New York Democrat faces scrutiny over travel spending amid COVID-19: Report

A top Democrat representing New York in the U.S. House of Representatives is facing scrutiny after financial disclosures showed he spent nearly $29,000 on travel expenses from April through December 2020, when the coronavirus was in full swing in America and while the congressman was urging his constituents to stay home to slow the spread of the disease.

News of the controversy comes by way of the Washington Free Beacon, which reports that Rep. Sean Patrick Maloney (D-NY), chair of the Democratic Congressional Campaign Committee (DCCC), has raised eyebrows over the “unusual” expenses, particularly since many events were held virtually during that time period in light of COVID-19.

Maloney keeps quiet

According to the Free Beacon, recent disclosures show that the congressman’s “disbursements included nearly $20,000 in lease and insurance payments, more than $3,600 in collision repairs, nearly $2,200 in gas, more than $2,100 in rental car fees, and nearly $500 for a satellite radio subscription.”

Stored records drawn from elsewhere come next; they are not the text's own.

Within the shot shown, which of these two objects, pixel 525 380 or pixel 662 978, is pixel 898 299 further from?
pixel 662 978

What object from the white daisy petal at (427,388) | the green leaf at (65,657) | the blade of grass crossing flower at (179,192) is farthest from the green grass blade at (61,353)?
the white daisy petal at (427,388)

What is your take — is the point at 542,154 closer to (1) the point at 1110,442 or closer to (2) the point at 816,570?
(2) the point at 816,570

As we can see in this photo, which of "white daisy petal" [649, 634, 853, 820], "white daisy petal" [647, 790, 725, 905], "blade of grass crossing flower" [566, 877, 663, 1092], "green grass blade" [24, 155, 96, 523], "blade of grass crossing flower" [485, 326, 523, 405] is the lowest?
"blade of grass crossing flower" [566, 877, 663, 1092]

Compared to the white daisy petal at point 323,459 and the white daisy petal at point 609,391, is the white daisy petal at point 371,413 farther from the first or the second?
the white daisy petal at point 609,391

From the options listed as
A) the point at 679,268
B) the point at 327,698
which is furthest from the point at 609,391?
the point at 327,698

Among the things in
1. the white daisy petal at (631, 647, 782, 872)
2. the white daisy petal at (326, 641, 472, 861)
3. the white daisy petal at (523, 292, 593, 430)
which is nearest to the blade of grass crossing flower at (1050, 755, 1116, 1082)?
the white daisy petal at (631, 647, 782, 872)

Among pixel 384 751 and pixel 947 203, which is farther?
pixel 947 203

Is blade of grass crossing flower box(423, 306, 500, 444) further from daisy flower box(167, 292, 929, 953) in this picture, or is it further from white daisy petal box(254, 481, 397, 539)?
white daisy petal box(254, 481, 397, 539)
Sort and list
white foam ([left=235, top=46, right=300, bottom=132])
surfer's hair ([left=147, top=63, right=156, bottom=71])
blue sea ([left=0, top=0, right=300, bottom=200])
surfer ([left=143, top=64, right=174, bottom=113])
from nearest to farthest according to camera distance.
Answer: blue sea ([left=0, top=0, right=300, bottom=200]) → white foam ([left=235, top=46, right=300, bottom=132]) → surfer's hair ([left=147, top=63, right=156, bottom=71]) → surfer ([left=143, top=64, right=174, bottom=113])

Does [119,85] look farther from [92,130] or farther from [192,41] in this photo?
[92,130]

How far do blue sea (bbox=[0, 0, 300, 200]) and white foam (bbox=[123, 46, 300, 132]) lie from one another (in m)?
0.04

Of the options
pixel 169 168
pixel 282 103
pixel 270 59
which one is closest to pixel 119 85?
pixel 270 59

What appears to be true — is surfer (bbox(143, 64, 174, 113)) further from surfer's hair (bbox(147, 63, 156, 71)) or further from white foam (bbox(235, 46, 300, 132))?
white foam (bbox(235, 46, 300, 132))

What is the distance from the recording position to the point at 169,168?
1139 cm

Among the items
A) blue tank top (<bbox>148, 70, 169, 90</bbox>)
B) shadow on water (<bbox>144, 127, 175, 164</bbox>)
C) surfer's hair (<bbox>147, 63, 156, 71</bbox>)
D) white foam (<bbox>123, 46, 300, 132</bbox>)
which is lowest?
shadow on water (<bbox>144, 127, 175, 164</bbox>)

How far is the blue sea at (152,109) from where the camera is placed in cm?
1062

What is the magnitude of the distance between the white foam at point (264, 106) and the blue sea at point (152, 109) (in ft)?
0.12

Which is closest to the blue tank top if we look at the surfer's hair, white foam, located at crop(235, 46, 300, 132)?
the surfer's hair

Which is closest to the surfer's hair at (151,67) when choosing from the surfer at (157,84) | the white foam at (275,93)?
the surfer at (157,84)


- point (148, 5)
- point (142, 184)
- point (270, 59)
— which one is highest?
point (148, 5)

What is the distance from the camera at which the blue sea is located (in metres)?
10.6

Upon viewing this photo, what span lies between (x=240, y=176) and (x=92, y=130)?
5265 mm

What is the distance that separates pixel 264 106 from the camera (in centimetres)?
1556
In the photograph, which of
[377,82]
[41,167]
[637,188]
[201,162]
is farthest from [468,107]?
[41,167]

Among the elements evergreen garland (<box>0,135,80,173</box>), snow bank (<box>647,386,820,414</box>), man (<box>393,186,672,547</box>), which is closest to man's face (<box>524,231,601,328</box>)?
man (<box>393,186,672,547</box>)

The Free Beacon also reports that “candidates cannot use donor funds to pay for personal travel,” though it’s unclear whether that was the case here.

Still, reports note that Maloney’s expenses far outpaced that of other New York members of Congress, including Rep. Antonio Delgado (D-NY), who was said to have reported $0 in car-related travel expenses for 2020, despite the fact that his district is several times larger than Maloney’s, according to the New York Post.

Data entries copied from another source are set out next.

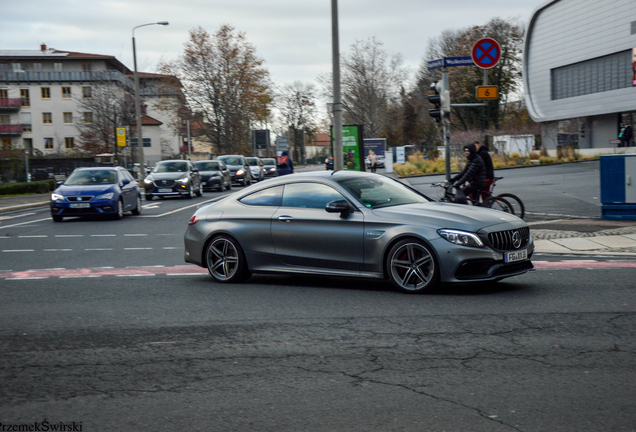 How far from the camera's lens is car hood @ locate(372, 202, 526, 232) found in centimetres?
789

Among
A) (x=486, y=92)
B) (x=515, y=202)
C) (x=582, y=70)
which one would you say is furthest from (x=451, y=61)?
(x=582, y=70)

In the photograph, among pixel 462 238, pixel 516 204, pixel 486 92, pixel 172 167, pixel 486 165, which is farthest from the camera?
pixel 172 167

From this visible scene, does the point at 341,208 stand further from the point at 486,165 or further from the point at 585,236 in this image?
the point at 486,165

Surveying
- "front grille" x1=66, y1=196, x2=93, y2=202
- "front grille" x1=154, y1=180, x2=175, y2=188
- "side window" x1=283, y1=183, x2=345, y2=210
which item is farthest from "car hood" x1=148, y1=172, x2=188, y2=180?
"side window" x1=283, y1=183, x2=345, y2=210

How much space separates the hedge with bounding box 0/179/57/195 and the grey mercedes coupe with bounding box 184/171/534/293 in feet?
97.5

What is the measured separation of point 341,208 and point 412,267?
3.56 ft

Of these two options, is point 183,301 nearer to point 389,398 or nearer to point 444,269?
point 444,269

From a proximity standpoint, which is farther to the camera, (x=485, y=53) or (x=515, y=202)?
(x=485, y=53)

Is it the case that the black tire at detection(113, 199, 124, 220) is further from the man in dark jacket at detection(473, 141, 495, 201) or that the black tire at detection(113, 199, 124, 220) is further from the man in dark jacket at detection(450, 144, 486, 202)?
the man in dark jacket at detection(473, 141, 495, 201)

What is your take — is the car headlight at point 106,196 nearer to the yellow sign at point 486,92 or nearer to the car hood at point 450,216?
the yellow sign at point 486,92

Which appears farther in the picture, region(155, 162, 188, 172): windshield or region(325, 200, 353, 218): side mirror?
region(155, 162, 188, 172): windshield

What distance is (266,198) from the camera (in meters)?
9.29

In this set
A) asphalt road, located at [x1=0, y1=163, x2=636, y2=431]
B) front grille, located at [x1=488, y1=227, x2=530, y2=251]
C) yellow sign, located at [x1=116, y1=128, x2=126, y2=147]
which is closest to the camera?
asphalt road, located at [x1=0, y1=163, x2=636, y2=431]

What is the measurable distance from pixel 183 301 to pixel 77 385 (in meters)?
3.20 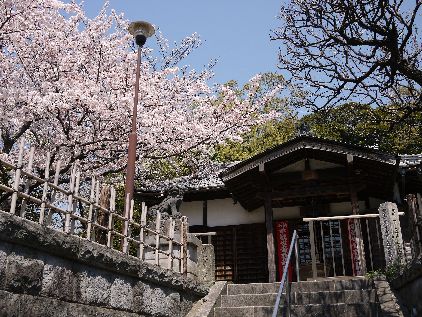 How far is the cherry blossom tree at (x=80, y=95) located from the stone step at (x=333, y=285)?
738 cm

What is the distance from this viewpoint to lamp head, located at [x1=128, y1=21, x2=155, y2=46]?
11156 millimetres

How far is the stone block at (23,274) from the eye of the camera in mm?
4598

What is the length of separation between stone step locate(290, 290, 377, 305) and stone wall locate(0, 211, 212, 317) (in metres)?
2.53

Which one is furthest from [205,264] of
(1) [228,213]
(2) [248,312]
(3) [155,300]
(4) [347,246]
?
(4) [347,246]

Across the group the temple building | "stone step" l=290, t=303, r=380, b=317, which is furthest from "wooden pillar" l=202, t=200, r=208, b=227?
"stone step" l=290, t=303, r=380, b=317

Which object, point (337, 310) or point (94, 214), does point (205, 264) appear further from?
point (94, 214)

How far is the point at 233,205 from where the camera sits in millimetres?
15266

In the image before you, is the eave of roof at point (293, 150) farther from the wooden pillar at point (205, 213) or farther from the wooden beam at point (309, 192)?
the wooden pillar at point (205, 213)

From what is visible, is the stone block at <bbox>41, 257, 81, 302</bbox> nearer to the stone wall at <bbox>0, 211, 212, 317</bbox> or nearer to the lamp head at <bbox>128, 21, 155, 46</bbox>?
the stone wall at <bbox>0, 211, 212, 317</bbox>

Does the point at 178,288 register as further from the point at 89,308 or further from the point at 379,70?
the point at 379,70

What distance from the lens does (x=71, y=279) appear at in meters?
5.61

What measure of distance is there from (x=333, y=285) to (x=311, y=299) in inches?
28.2

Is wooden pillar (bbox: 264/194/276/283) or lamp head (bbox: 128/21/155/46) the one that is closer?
lamp head (bbox: 128/21/155/46)

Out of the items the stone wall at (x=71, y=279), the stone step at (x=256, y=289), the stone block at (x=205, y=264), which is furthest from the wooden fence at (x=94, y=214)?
the stone step at (x=256, y=289) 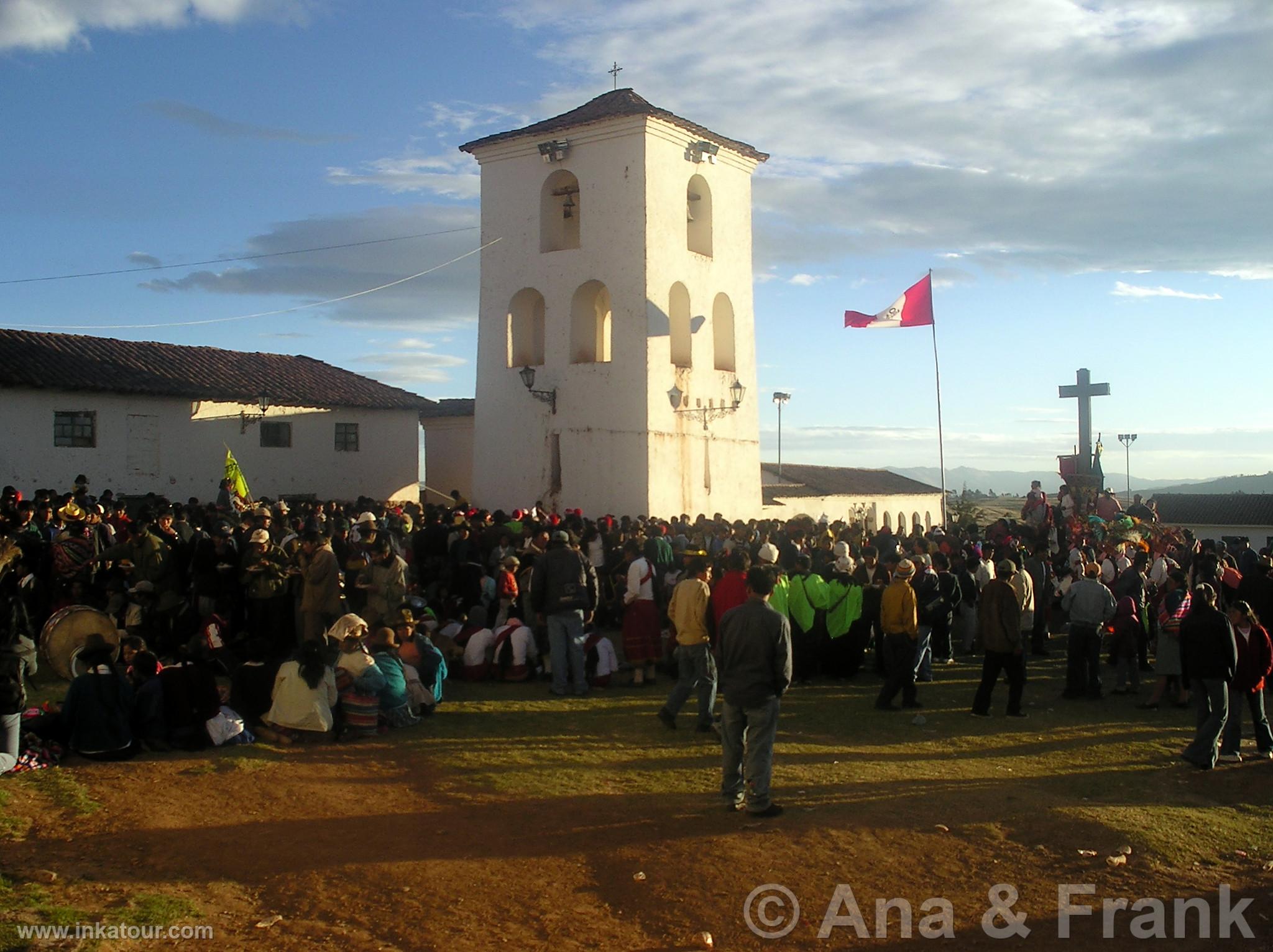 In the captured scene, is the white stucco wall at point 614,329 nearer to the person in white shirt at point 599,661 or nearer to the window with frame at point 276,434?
the window with frame at point 276,434

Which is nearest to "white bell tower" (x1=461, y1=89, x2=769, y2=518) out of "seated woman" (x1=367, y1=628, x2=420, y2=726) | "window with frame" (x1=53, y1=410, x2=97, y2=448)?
"window with frame" (x1=53, y1=410, x2=97, y2=448)

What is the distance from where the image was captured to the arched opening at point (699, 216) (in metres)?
25.8

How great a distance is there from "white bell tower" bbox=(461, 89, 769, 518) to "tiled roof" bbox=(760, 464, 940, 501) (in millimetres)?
9595

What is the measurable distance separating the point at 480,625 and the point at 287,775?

Maloney is now facing calls, particularly from those on the right, to explain where all the money went.

The congressman didn’t respond to the Free Beacon’s or the Post‘s requests for comment, however.

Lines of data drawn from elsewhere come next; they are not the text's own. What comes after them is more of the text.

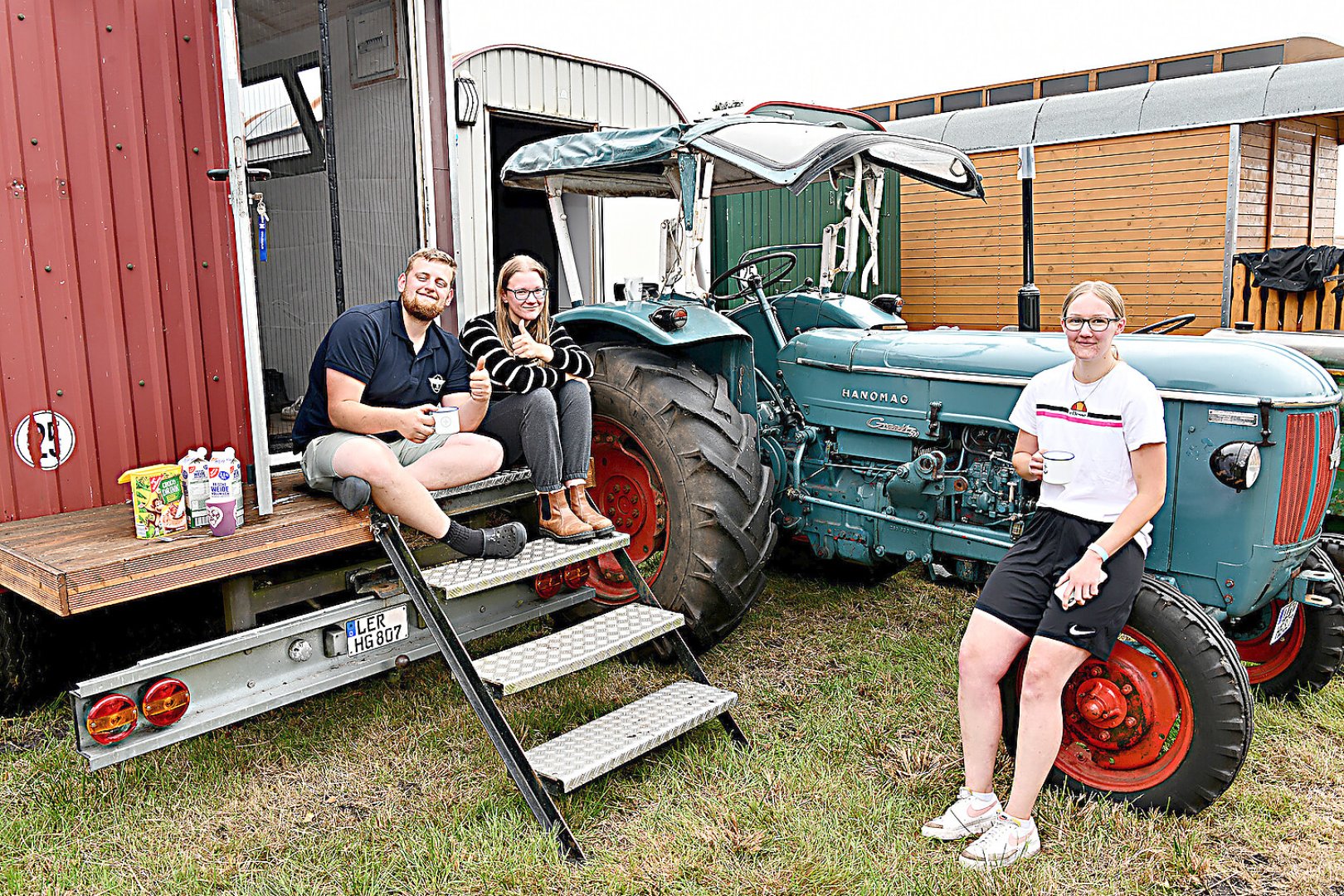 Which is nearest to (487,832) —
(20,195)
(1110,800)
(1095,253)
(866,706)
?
(866,706)

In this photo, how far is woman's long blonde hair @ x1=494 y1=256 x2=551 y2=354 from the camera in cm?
356

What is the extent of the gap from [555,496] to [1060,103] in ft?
29.3

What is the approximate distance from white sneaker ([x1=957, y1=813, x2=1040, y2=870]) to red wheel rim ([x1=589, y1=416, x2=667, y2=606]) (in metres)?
1.71

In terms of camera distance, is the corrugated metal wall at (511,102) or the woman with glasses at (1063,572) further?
the corrugated metal wall at (511,102)

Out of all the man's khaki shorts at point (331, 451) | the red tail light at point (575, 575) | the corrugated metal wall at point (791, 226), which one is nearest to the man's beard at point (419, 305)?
the man's khaki shorts at point (331, 451)

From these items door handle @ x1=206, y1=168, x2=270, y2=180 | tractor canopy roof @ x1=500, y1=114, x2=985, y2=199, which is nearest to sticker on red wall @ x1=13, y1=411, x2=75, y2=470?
door handle @ x1=206, y1=168, x2=270, y2=180

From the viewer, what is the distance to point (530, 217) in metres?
9.95

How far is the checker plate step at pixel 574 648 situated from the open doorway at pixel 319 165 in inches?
63.7

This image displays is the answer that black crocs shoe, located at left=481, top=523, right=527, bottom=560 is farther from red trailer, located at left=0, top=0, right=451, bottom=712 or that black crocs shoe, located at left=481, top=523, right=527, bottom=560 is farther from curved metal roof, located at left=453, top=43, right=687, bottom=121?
curved metal roof, located at left=453, top=43, right=687, bottom=121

He is not the subject of any ethics probes at this point.

What now?

Of course, Maloney is no stranger to ethics violations. At one point, the Democrat ran for New York attorney general while he was also running to keep his House seat.

In the process, he transferred over $1 million in federal funds to his state campaign account, leading to ethics complaints and at least one lawsuit, the Free Beacon reports.

More recently, Maloney came under fire for failing to report thousands in stock trades within the required 30 to 45 day period.

None of this, however, appears to have slowed down the Democrat’s political career.